Bootstrapping your own startup is not easy – it takes time, motivation and the support from people who are close to you. Some days you’ll be on the top of the world, whilst other days you may wonder why you’re doing this… It’s an emotional rollercoaster.
Overall, starting my own startup is one of the best things I’ve done – it’s provided me with a better work / life balance and allowed me to develop my skills in a way that wasn’t possible whilst working for someone else.
Anyone can bootstrap their own tech startup, regardless of whether you’re technical or not – you just need to come up with that initial idea.
You may already have your startup idea, but if not, finding one can be tough. Below I detail my thoughts on how to come up with that initial idea and how to quickly check if it’s suitable.
Inspiration and advice
Firstly it doesn’t hurt to gain a little bit of advice and inspiration. The following books and videos are all packed with great advice from some of the world’s experts:
- ReWork – A book by 37signals/Basecamp which provides practical advice on creating a bootstrapped startup, based on their many years of experience. This is the book that initially inspired me to start developing my own startup and I would recommend it to anyone in the industry.
- The Startup Kids documentary – A short inspiring documentary of a few successful young startup founders (I mean, even the trailer is inspiring!)
- Free Stanford startup lectures – A set of lectures put together by Sam Altman (@sama) at Stanford. There is some great advice in these videos from some real experts, and even better: they are free.
What makes a good bootstrapped startup idea
You may already have an idea or you may not, and no one can tell you if it will be a success or not. Over time I’ve come up with my own criteria of what I’d follow should I ever bootstrap another startup. These five points are:
- Subscription-based – I believe a subscription-based startup is more likely to succeed than one that accepts a one-off payment or – even worse – nothing at all for its services.
- Business-to-business (B2B) tool – Unlike consumers, businesses are more likely to part with their cash if you can solve one of their problems and make them more efficient.

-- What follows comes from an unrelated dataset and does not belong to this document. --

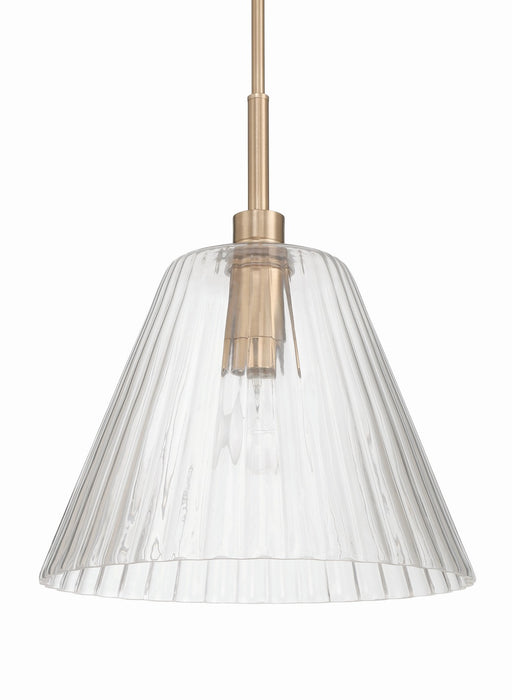 Craftmade - 61192-CPZ - One Light Pendant - Pleated - Premium Bronze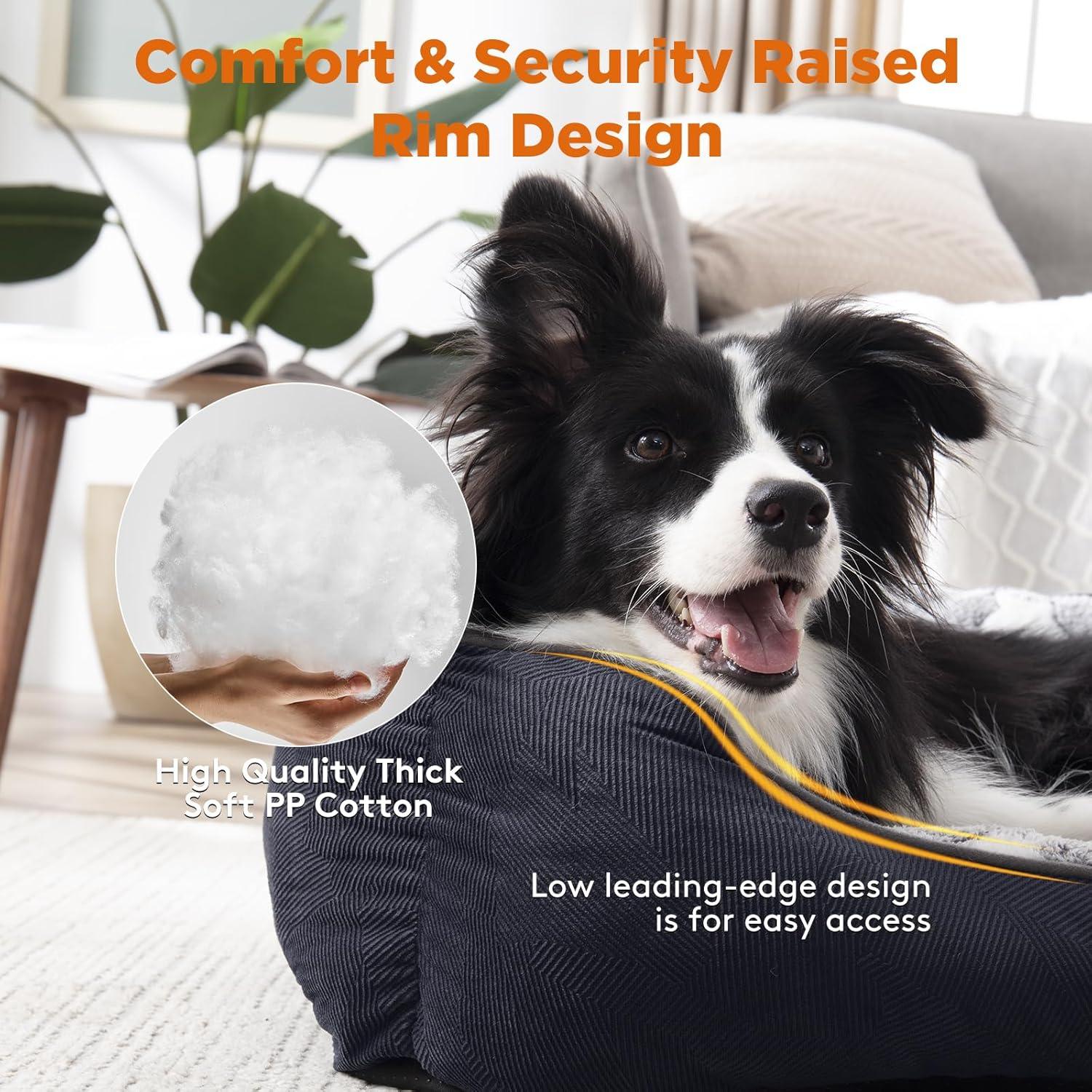 MIXJOY Dog Bed Washable, Super Soft Cosy Dog | ObaPet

I believe that creating a B2B tool that solves a single problem in a small niche will improve the chances of success.
- Low running costs – You may be putting a small amount of your own cash into the business to start with – this may be as little as £500. Choosing a startup idea that doesn’t need a lot of servers to run and will scale reasonably easily in the early days is important if you want to be able to actually launch the startup.
- Easy to on-board a user – If your potential users would need to configure something or install a piece of code on their site to use your product, you are instantly making it hard for yourself to on-board new users and will potentially have to spend a lot of time supporting them. A good bootstrapped idea would be something that a user can simply provide an email address and start using instantly, and then get to that ‘wow’ point where they are willing to part with their payment details as quickly and painlessly as possible.
- Simple – There is a whole market of people who don’t want to use over-complicated, bloated software. Whatever your startup idea is, it should be aimed at this market of people who want to be productive and use software without having to read lengthy user guides.
Searching for that great an idea
If you already have an idea and it meets the criteria above then you are in a great position, but you still have nothing to lose in spending a few hours looking at other potential ideas.
Here’s just one way to come up with a list of potential ideas:
- Take a look at a business software directory list such as Capterra and make a list of all those areas that you believe would make a good business tool – e.g. policy management, digital asset management, etc.
- Using the criteria above and your own thoughts, take out all those that don’t fit in with the criteria, or really don’t interest you.
- Head back to the business directory along with Google and for each of the categories that you still have listed, make a list of all the existing startups in the category that you can find and rate how modern/usable they are to use and how much they charge.
- From here you now have a list of potential ideas that you can review further. You’re never going to find one with no existing competition, but if all the existing tools look outdated / hard to use / expensive, then it could be a sign that there is a gap in the market. (I would suggest avoiding areas where existing tools are charging less than $15 a month – this could be a sign that there are already enough solutions.)
- Finally, for those categories that are left on your list, you’re going to want to evaluate if there is actually a demand for them. One way of doing this is to identify a few key phrases that people would search for if they were looking for that tool. Then using something like Google’s Keyword Planner, check the monthly search volume – if it’s very low, then this may be a sign that there is just no demand for it.
There are of course many other ways to come up with a startup idea and evaluate if there is a demand for it, but the above can be done quickly in one afternoon and you may end up with a few suggestions that you can then go off and do a little more detailed research on.
No matter how you come up with your idea, nothing can guarantee success – there is a lot more to it than that. The important thing is to believe that you are capable of creating a bootstrap startup and not to give up too early. Those first 10-20 paying users will be the hardest users to gain!